We could try a stronger regularization with $\lambda=10^{-2}$, but perhaps we could enhance regularization by aggregating a different technique called dropout.
Dropout
Dropout works by deactivating a set of random units of a given layer during training phase. Such practice have a good impact on the network because it removes inter-layer co-adaptation, thus avoiding any unit to rely too much on a single previous unit, so enabling generalization. The strength of the regularization is controlled by a hyper-parameter that represents the rate of the layer units to drop. It is commonly applied before dense layers, but could also be used for convolutional ones.
Combining both L2-norm with $\lambda=10^{-3}$ on all layers and dropout regularization with ratio 0.5 (half units dropped) on convolutional layers, we obtain the following loss and accuracy:
The results show that combining L2 and dropout regularization provides a good solution to prevent model overfitting. Even though the model did not overfit we did not observe any improvement on the test set accuracy if compared to L2 only regularization. Another interesting characteristic is the chaotic behavior of the test loss function, which is due to the probabilistic nature of the unit drops, albeit the mean value of the test loss seems to follow the train loss, which is a good indicative. The notebook containing the dognet architecture along with regularizers is available here.
Conclusion
In this specific application the downscaling of input image size did not have a bad impact on model performance and was actually capable of greatly decreasing the training time. Although this may not be the case when dealing with samples containing fine details where two distinct classes look similar to one another.

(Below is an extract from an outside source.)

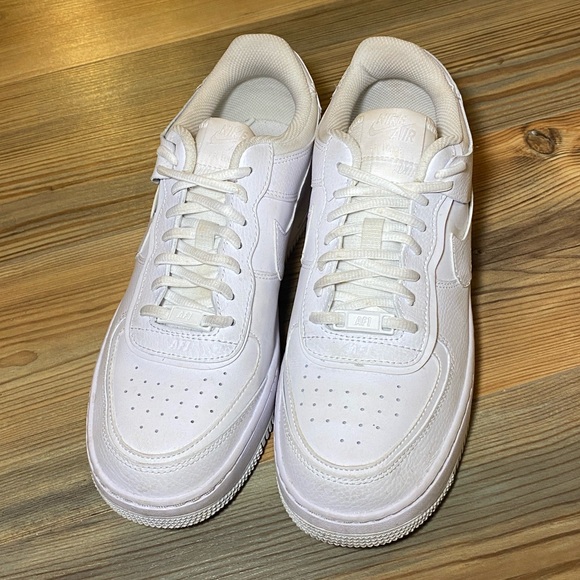 Nike Air Force 1 shadows Triple White Sneakers Size 9.5 - Picture 4 of 8
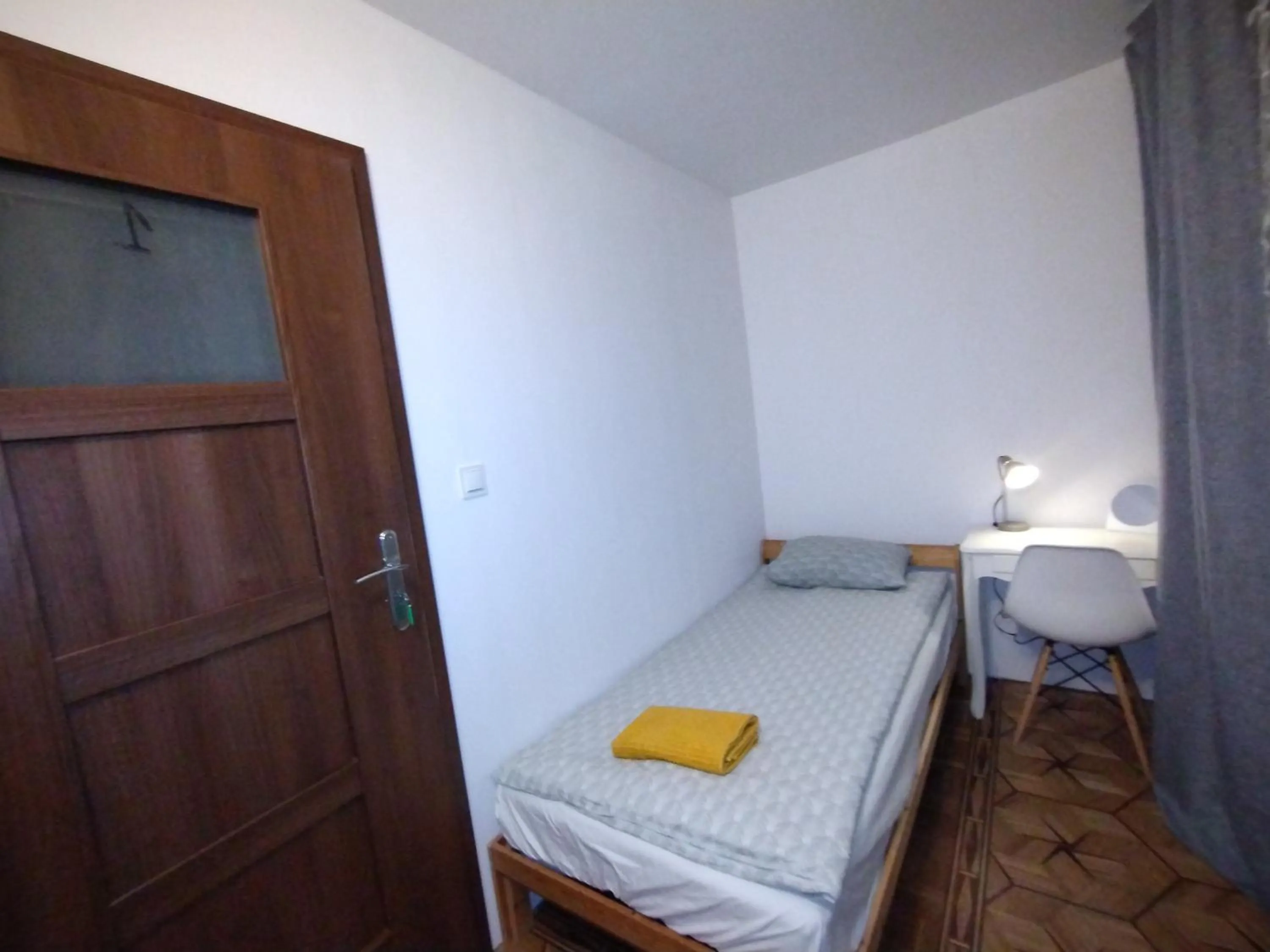 Bed in Ivory House (Marymont-Ruda)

Through the series of experiments applying regularization techniques it was possible to prevent model overfiting and improve generalization measured as an increase on test set accuracy, getting up to 85% accuracy. Combining both L2 and dropout proved to be a good idea.

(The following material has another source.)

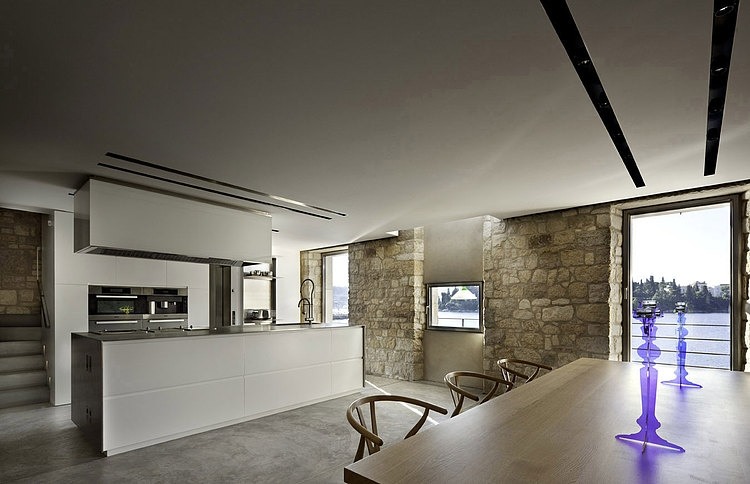 Tower in Rovinj by Giorgio Zaetta Architect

In order to further increase model accuracy on the test set it would be necessary to gather more training data and possibly apply data augmentation (rotation, scaling, cropping). Another possibility is to use the transfer learning approach, which uses already trained high-level models, offering higher than 96% accuracy on the test set, at the expense of having a much larger model and longer processing times.
Finally, a note on the Kaggle competition. I think Kaggle has an important role on promoting machine learning and its applications, in engaging researchers and hobbyists alike and even helping people to learn more about recent techniques, letting them compare results, etc. Still, it seems to fail to consider the complexity of the elaborated solutions. To illustrate my point check the Marco Lugo post on Kaggle blog showing his 3rd place solution to this challenge. He uses a bunch of complex convolutional models in parallel and predict the output as a weighted average of these classifiers. Of course great results come at the price of increased complexity. I am just saying that complexity should also be taken in account when evaluating model. We may ask ourselves: what is the best score I can get using only the training data they provide, without any pre-loaded models, or an ensemble of 20 complex classifiers? The way Kaggle is organized today does not allow an answer to that question.